Es hoy cuando he venido a apreciar con claridad la validez de sus puntos de vista en materia política que a veces en aquel tiempo me parecían algo oscuros. El curso de Pedroso tenía lugar de diez a once de la mañana. Hablaba espléndidamente. Exponía a Platón, Marx, Hobbes, Montesquieu, Bodino y a muchos más teóricos sin un programa determinado. Podía llegar un día y hablarnos del zoon politikon aristotélico y en la clase siguiente saltar a Maquiavelo y la razón de Estado.

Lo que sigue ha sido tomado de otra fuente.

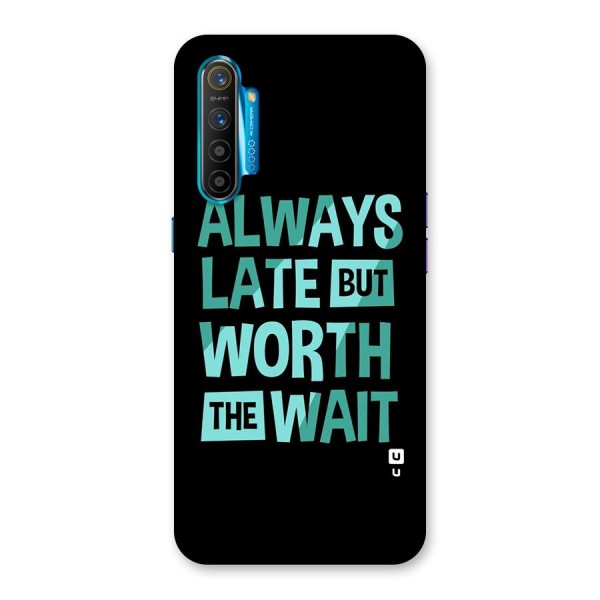 Worth the Wait Back Case for Realme XT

A mí y a algunos amigos aquello nos entusiasmaba, pues estábamos hartos de la burocracia mental y la absoluta falta de imaginación que imperaba en la mayoría de los cursos, pero en cambio irritaba a los buenos alumnos, a los «macheteros», quienes opinaban airadamente que no se podía ir a ninguna parte con semejante falta de método. Pero lo que más les indignaba y a nosotros más nos seducía era la capacidad del maestro para mover los grandes cuadros historiográficos de la teoría política, utilizando no sólo a las fuentes esenciales: los juristas y creadores del concepto de Estado, sino a los testigos: los escritores, los filósofos, los artistas. Shakespeare, Gaya, Balzac, Dante, Dostoievski. Pedroso daba la impresión de saberlo todo y de poder coordinar todos sus conocimientos en un solo haz de ideas. Cualquier comentario suyo, el más banal, me resultaba cargado de significaciones culturales.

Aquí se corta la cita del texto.